Who or what are your “key sources” in the informatics field?
Informatics is such a broad field, and I rely on a lot of sources. The Academic Forum of AMIA is a definite source and helps to keep me updated. I built the Biomedical Informatics Program at Nova Southeastern University. I think we have a great program, one of the best in the country. It is becoming challenging to keep up with all these sources of data and knowledge. I work with a very good group of people who are energized and passionate about the field. JAMIA, definitely, is a key source.

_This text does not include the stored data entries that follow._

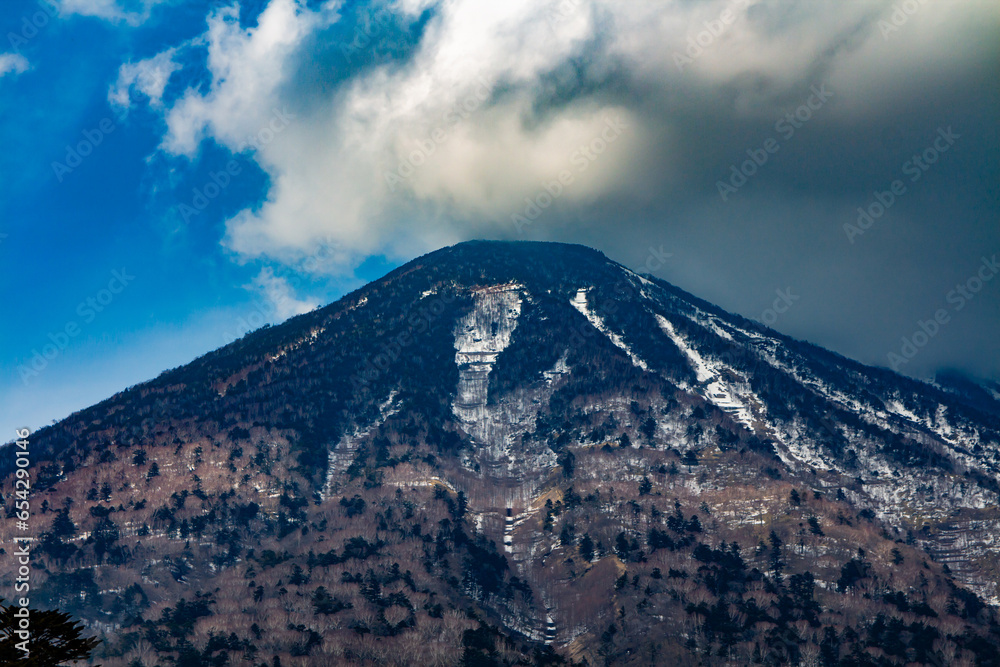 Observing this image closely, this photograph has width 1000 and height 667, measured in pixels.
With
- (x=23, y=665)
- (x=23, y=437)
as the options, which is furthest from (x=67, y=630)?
(x=23, y=437)

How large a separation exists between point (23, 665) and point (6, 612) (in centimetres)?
401

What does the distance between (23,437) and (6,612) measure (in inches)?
3204

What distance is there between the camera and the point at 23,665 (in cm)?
6141

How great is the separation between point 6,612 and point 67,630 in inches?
194

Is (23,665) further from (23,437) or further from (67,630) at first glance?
(23,437)

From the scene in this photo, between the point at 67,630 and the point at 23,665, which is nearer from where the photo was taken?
the point at 23,665

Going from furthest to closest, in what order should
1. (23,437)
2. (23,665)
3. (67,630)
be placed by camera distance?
(23,437) → (67,630) → (23,665)

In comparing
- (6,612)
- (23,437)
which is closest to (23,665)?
(6,612)

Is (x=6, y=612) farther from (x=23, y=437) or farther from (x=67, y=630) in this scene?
(x=23, y=437)

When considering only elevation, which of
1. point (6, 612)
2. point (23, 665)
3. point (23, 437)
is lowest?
point (23, 665)

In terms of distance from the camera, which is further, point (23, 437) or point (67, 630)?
point (23, 437)

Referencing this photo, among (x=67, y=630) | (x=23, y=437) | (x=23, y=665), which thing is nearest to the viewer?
(x=23, y=665)

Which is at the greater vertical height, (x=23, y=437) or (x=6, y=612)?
(x=23, y=437)

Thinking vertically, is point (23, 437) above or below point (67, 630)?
above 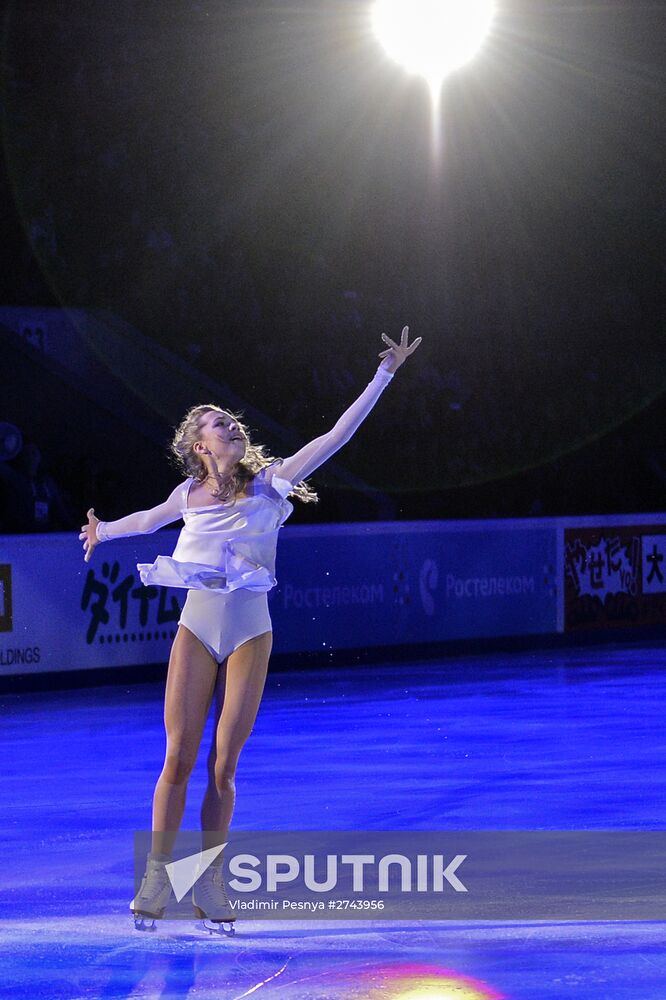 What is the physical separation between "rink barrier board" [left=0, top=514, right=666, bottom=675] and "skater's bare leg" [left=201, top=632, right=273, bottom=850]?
28.6 ft

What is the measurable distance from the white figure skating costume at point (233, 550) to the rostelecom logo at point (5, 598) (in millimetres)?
8447

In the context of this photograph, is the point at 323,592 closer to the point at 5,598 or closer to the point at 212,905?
the point at 5,598

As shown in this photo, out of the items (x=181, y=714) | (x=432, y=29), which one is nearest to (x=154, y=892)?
(x=181, y=714)

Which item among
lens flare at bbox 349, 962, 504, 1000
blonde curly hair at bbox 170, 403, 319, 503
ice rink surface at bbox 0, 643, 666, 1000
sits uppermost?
blonde curly hair at bbox 170, 403, 319, 503

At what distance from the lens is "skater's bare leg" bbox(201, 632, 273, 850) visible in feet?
17.2

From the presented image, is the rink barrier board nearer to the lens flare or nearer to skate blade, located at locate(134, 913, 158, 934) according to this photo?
skate blade, located at locate(134, 913, 158, 934)

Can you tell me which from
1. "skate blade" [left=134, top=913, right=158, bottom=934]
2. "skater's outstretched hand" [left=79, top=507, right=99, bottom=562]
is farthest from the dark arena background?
"skater's outstretched hand" [left=79, top=507, right=99, bottom=562]

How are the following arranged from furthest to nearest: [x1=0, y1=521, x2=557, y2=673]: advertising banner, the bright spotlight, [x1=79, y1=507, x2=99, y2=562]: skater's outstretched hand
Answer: the bright spotlight
[x1=0, y1=521, x2=557, y2=673]: advertising banner
[x1=79, y1=507, x2=99, y2=562]: skater's outstretched hand

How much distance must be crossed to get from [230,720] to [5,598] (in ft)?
29.4

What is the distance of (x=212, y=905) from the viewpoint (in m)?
5.44

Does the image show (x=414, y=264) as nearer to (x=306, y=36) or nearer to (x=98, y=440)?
(x=306, y=36)

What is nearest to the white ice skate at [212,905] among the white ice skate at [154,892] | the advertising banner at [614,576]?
the white ice skate at [154,892]

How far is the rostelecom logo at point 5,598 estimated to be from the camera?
13.8 meters

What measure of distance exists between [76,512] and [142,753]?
7.42 meters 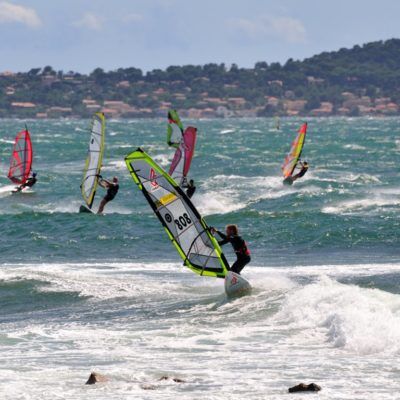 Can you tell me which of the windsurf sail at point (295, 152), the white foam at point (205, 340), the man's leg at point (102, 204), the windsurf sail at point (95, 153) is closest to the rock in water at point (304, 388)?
the white foam at point (205, 340)

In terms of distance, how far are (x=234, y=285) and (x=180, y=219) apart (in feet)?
4.16

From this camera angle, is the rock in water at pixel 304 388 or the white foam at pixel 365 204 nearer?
the rock in water at pixel 304 388

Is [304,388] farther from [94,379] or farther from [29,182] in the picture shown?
[29,182]

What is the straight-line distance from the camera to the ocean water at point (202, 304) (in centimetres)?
1156

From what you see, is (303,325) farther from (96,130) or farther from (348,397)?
(96,130)

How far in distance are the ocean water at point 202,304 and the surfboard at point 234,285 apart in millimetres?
202

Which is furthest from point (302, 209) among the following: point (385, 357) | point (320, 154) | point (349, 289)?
point (320, 154)

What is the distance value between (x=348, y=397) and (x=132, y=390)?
2084 mm

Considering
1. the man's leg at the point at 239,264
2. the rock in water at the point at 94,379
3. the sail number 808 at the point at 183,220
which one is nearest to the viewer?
the rock in water at the point at 94,379

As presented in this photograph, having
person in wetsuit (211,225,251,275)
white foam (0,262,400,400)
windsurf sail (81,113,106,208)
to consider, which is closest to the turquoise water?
windsurf sail (81,113,106,208)

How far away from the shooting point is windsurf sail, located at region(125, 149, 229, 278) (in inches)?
623

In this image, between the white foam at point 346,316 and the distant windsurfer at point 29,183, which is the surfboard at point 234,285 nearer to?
the white foam at point 346,316

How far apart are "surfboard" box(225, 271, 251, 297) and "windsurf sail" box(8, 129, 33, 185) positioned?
19961mm

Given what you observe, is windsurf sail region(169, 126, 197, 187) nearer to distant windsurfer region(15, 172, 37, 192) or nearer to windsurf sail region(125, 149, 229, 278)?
distant windsurfer region(15, 172, 37, 192) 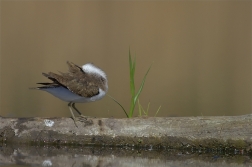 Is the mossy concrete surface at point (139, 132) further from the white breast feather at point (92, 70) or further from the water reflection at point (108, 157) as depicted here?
the white breast feather at point (92, 70)

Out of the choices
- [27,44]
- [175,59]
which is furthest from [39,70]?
[175,59]

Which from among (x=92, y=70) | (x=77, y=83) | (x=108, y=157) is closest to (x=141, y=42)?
(x=92, y=70)

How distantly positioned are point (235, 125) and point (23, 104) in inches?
204

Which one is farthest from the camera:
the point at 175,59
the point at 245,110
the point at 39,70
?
the point at 175,59

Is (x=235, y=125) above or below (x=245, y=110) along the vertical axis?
above

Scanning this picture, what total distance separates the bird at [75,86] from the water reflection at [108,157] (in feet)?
2.09

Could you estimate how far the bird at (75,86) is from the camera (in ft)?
29.1

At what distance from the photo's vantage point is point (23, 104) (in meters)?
12.6

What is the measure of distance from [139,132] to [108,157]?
69 centimetres

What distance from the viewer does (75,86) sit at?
29.4 feet

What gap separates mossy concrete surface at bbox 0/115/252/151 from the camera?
886 cm

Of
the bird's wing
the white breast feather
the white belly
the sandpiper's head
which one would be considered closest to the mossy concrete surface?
the white belly

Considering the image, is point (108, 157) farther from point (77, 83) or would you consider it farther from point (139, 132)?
point (77, 83)

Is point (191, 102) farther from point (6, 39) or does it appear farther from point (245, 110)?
point (6, 39) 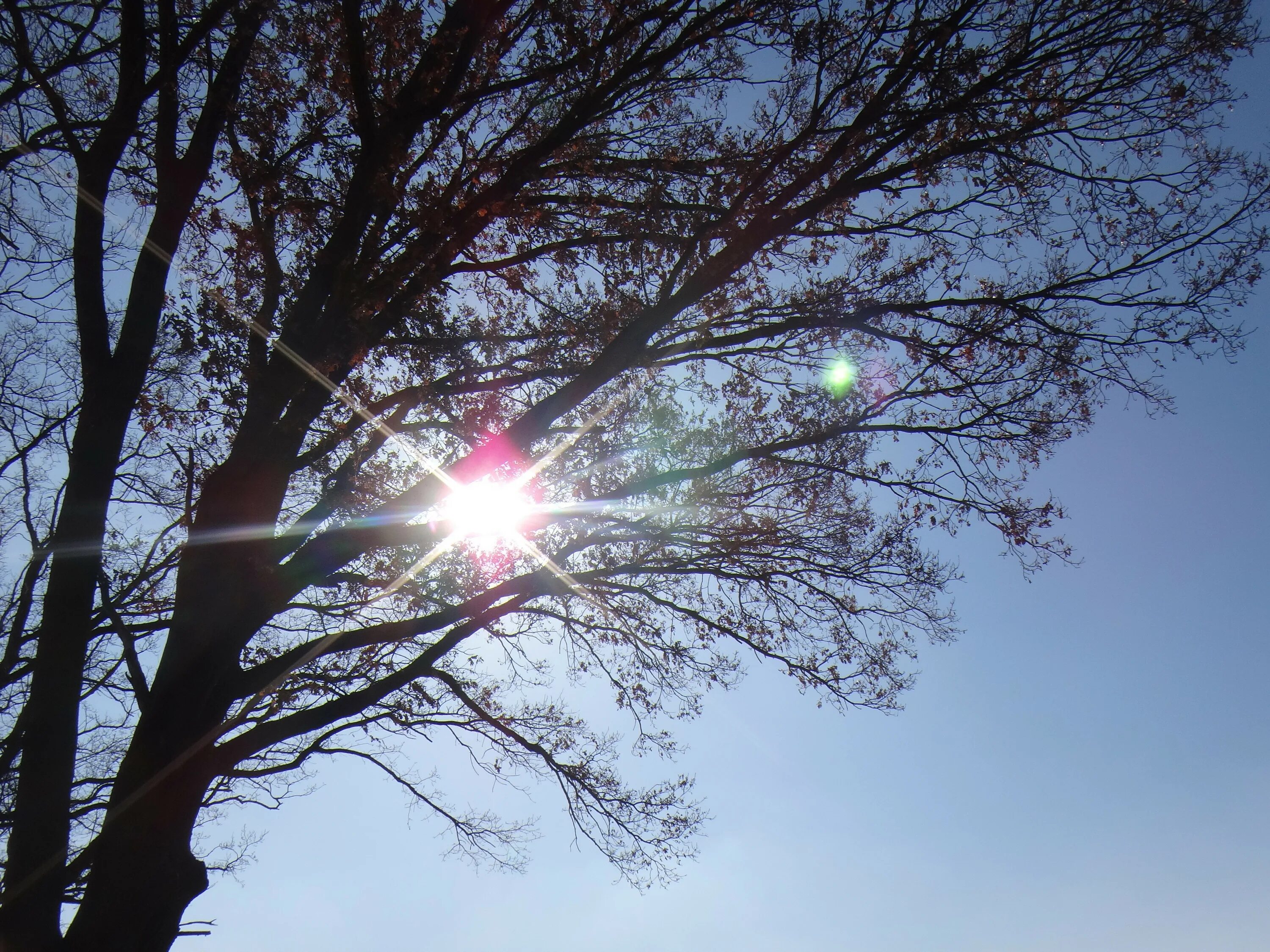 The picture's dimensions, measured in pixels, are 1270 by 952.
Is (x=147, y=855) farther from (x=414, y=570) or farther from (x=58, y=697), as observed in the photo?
(x=414, y=570)

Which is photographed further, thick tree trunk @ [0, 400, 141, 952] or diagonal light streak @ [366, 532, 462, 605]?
diagonal light streak @ [366, 532, 462, 605]

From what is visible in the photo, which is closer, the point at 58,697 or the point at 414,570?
the point at 58,697

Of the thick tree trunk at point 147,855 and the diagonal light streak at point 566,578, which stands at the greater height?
the diagonal light streak at point 566,578

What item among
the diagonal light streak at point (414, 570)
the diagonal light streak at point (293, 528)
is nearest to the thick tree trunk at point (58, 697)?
the diagonal light streak at point (293, 528)

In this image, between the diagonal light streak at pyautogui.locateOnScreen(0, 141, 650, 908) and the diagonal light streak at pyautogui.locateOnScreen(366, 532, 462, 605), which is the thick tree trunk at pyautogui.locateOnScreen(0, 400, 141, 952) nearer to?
the diagonal light streak at pyautogui.locateOnScreen(0, 141, 650, 908)

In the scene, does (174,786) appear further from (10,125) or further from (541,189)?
(541,189)

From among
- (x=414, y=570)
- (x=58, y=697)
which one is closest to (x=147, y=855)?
(x=58, y=697)

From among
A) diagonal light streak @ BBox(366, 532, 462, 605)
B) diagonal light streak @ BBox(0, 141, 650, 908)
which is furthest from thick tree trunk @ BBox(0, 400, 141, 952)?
diagonal light streak @ BBox(366, 532, 462, 605)

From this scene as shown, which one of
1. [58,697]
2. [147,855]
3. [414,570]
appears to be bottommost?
[147,855]

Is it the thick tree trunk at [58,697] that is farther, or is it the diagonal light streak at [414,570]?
the diagonal light streak at [414,570]

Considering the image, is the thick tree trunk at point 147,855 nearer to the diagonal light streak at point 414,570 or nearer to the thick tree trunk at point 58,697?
the thick tree trunk at point 58,697

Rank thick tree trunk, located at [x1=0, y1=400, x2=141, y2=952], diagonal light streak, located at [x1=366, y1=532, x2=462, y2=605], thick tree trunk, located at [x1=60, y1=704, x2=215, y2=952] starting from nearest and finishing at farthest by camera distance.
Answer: thick tree trunk, located at [x1=0, y1=400, x2=141, y2=952]
thick tree trunk, located at [x1=60, y1=704, x2=215, y2=952]
diagonal light streak, located at [x1=366, y1=532, x2=462, y2=605]

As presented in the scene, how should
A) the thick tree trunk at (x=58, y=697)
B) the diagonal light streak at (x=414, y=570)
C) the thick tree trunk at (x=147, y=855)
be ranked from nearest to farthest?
the thick tree trunk at (x=58, y=697) → the thick tree trunk at (x=147, y=855) → the diagonal light streak at (x=414, y=570)

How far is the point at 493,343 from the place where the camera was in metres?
7.85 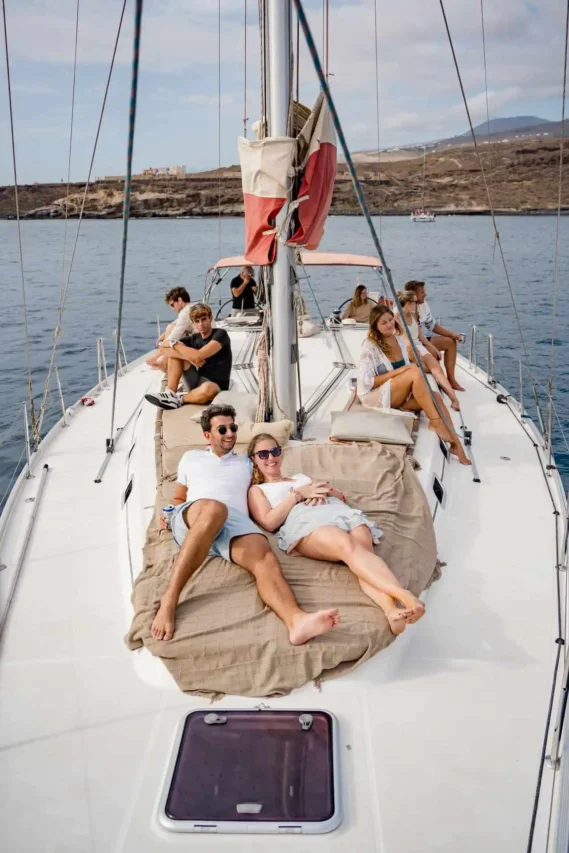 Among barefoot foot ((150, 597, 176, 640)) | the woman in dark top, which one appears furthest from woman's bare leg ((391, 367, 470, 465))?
the woman in dark top

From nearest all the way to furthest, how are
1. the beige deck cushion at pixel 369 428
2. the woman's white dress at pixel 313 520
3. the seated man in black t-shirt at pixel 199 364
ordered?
the woman's white dress at pixel 313 520
the beige deck cushion at pixel 369 428
the seated man in black t-shirt at pixel 199 364

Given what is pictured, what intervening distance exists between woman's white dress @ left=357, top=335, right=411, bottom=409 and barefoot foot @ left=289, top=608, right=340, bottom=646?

Articles that spotlight my research interest
Hyas, D, & Lou, J. (2015) Job satisfaction of healthcare IT permanent employees and consultants, Society for Advancement of Management Advanced Management Journal, 80(4), 12-18, 2015.
Clauson , K.A., Polen, H. H., Lou, J. Q., Zapantis , A. & Thomson , W. (2009) . Evaluation of nursing-specific drug information PDA databases used as clinical decision support. International Journal of Medical Informatics, Volume 78, ssue 10, Pages 679-687
Fleisher , J. M., Lou, J.Q., & Farrell, M. (2008) . Relationship Between Physician Supply and Breast Cancer Survival: A Geographic Approach. Journal of Community Health 33(8):179-182
Lou, J. Q. (2006) Using Bioinformatics in the Exploration of Genetic Diversity. London, England: Henry Steward Talk.
Hobbies/Interests outside AMIA
Besides travelling, I like to play computer games. That’s my guilty pleasure. I play computer games with my daughter, who is 12, but I learn so much from game playing. We are working to integrate gaming into our medical school curriculum. I also see that as a direction in our future education including patient care.
AMIA is important to me because
It provides me with professional guidance and resources, and collegiality that I really appreciate.
I am involved with AMIA
I have been an active member of AMIA for more than a decade now. Our program is also one of the few original members of AMIA Academic Forum. I am Director of the AMIA-NSU 10x10 program, and I have also served on several different committees.
It may surprise people to know
I am also an occupational therapist.